As fully-formed as ‘Cut 4 Me’ is, it has been carefully pushed as a debut mixtape as opposed to an album outright. I never quite understand what the difference is, but though it may be subtle, Kelela sees it as an important distinction. For a start, it’s helped her reach an audience that might not necessarily have shelled out for the pleasure. “It’s a mixtape. Because a) it’s introductory and b) it’s free. But that’s the reason I wanted it to be free, so that it would be pervasive and to make sure it would be successful.” As one of my highlights of 2013, I’m surprised to learn that she feels it’s underdeveloped. “The melodic ideas on the mixtape…” She trails off, again loath to utter a word she isn’t fully bought in to. “I didn’t take every song to the most epic degree. You can hear that on the mixtape. There are beautiful, interesting loops. And I’ll still keep the minimalism for the album, but I want to play with pop structure and make sure that it’s even more resonant. I want to grab somebody who does not listen to electronic music. That’s my goal. ‘Floor Show’ is probably one of the only ones with all of the elements; verse, chorus and break – that flow.”
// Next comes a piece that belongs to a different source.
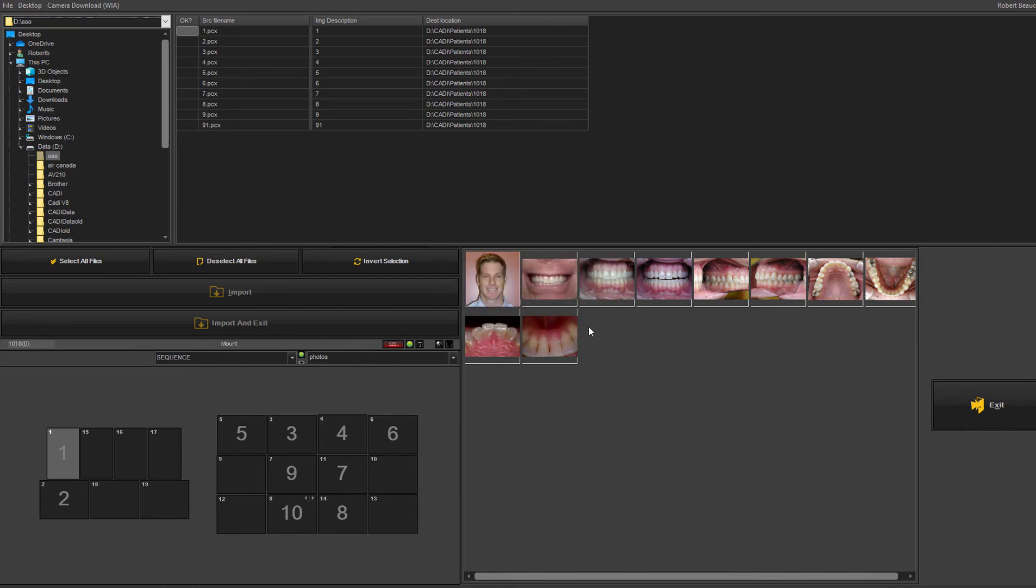So once this sequence is recorded and you're getting into this routine, it will remain the same and it will always again default back to the last used sequence so the computer knows. So what happens is it becomes a very simple, easy protocol for your staff.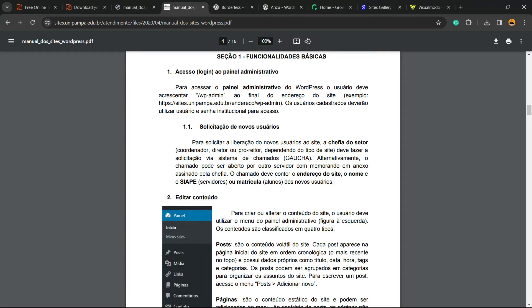What's up guys, here it's Claudio from Visual Model WordPress Themes, and in today's video you're gonna learn how to translate a PDF file online and free without changing the layout. I have this PDF file that is written in Brazilian Portuguese.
As she discusses the making of ‘Cut 4 Me’, it becomes evermore clear that the standards she sets for herself are significantly higher than the average. She recalls an encounter with Night Slugs producer Bok Bok, who had come to her with an intro he had been working on for the mixtape. The idea was to invoke the feeling of getting into a car and putting a record on but it wasn’t quite to Kelela’s taste. “I was like, ‘Yeah, but can you make it so that the windows go down and then the door closes?’” Accepting her criticism but admitting defeat, he handed the reins over to the singer. “He was like, ‘Here’s the site. You can make the intro yourself but that’s the idea.’ I spent the next four days lost in freesound.org. I wanted to articulate this moment of being in your car and feeling like absolute shit. You put your car in park and then this really beautiful day happens but you’re so sad. That’s some LA shit. ‘This fucking beautiful day. This sun. God damn it. Fuck this day.’”
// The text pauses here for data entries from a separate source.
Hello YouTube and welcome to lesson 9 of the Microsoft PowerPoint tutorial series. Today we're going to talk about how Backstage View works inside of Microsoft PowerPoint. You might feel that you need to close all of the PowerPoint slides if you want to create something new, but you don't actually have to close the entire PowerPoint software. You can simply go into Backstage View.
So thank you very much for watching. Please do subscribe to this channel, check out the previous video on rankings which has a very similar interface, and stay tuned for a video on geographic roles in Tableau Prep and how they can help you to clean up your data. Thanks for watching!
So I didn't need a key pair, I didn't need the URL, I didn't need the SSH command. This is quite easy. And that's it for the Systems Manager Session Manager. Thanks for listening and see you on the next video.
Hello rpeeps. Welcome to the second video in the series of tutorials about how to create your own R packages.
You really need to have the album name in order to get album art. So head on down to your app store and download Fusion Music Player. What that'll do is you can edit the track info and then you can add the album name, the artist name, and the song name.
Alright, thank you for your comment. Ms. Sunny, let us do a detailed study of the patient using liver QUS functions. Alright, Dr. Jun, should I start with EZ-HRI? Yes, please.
If she really has, as she says, left some creative juices in reserve, that first fully-fledged LP is set to be something very special, and the good news is that we won’t have to wait very long to hear it. “I’m working on it right now,” she says. “It will include production beyond the Night Slugs and Fade To Mind scope, but include that as well.” Her eyes grow bigger still as she waxes lyrical about the project at hand. “I’d like it to be a bigger statement of the mixtape. More pervasive and with all the people I dreamed of working with four years ago, who I’m now working with.” She stops and bares each and every one of her gleaming white teeth in a smile that seems impossibly wide. “I’m really excited to share it.”